SASKATOON (CP) - His name is plastered all over the NHL record books, the Stanley Cup and now on a street sign in his hometown.

The city of Saskatoon and the entire province of Saskatchewan honoured their most darling son Friday night, naming the street in front of the city's largest arena Mr. Hockey Gordie Howe Lane.

Howe, now 76, was in town for the naming ceremony which took place at centre ice before the Saskatoon Blades' Western Hockey League game against Prince Albert Raiders.

"It makes you feel good," Howe said in an interview after the event. "When you drive around cities you see presidents names on there and now it's me.

"I like the cute way they announced it, that I've been running over people for a long time, now people get a chance to run over me."

Hockey fans in the province say the gesture is a fitting tribute to one of the most prolific hockey players to ever play the game.

"This is absolutely the right thing," said Saskatchewan Premier Lorne Calvert.
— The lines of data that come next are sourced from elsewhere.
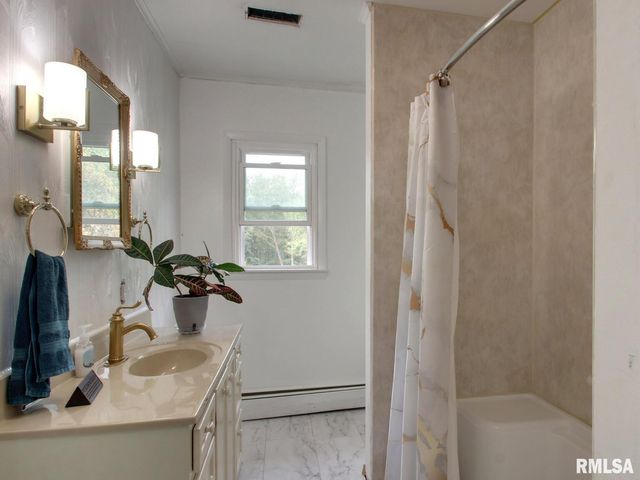 2130 E SUNNYBROOK Drive, Quincy, IL 62301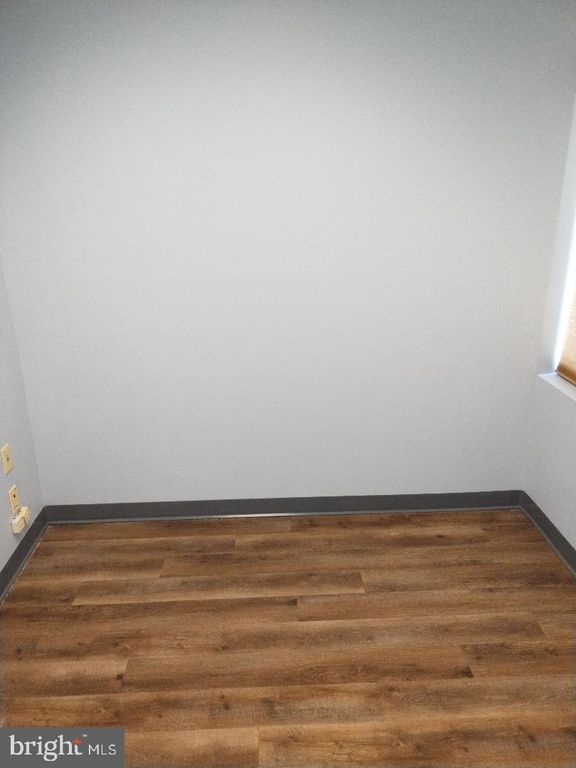 Image 63 of property listing at 7300 HANOVER DR #103, Greenbelt, MD 20770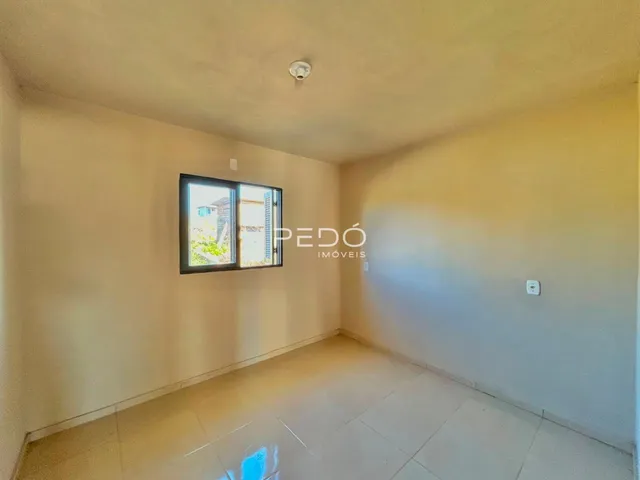 Ambiente interno com piso de cerâmica e janela de luz.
"A lot of us in this province grew up with him as our model - with him being the guy you wanted to emulate."

Calvert met Howe for the first time at the street naming ceremony. He brought along an instructional book called "Here's Howe" that he got back in 1963 by saving up Campbell's soup labels. Howe autographed it for him.

"It's a treasure then and it still is a treasure now," Calvert said.

Howe was actually born in Floral, Sask., a tiny community just southeast Saskatoon, but his family moved to the city when he was an infant.

At the inter-city rink down the street for one of the houses where Howe grew up, behind his old school, the young kids playing shinny need no reminder of who he is.

They brave frigid temperatures, circling the ice, hoping to achieve even a fraction of the success that Howe did.

"They'll name a street after me one of these days, if I keep up," said Chris Cardinal, a teenager from the neighbourhood.

"He's my hero," said 17-year-old Jonas Bear, tugging at the chest of his red and white Saskatoon Red Wings jersey, the same minor hockey team Howe played for.

"I did a biography on him. It was for English. We had to pick a hero - like a role model - and I picked Gordie Howe.

"Saskatoon is hockey town, man."

The details of Howe's hockey career are well known, but worth repeating.

Howe played professional hockey for 32 years over six decades beginning in the 1940s, making the all-star team 29 times.

He is known as one of the best all-around players to ever take the ice - nearly impossible to bring down and not afraid to use his elbows or a cross-check to make some room.

He won four Stanley Cups with the Detroit Red Wings and was a key member of the 1951-52 team that swept the championship away in eight straight games.

He won the Hart Trophy for most valuable player and the Art Ross Trophy as playoff MVP six times each and was among the top five in NHL scoring for 20 consecutive years.

He played his finial pro-game during the 1997-98 season when, at the age of 70, he suited up for one game with the Detroit Vipers of the IHL.

Even with all the excitement Friday night, Howe went out of his way to mention his wife of 51 years, Colleen, who is battling dementia.

"She's not doing very good but she's a fighter," Howe said. "I was really feeling quite blue one day and she said `get out the mood.' She said `you haven't got rid of me yet.'

"It's really eaten away at her, she sleeps a lot, but we still have her and that's good."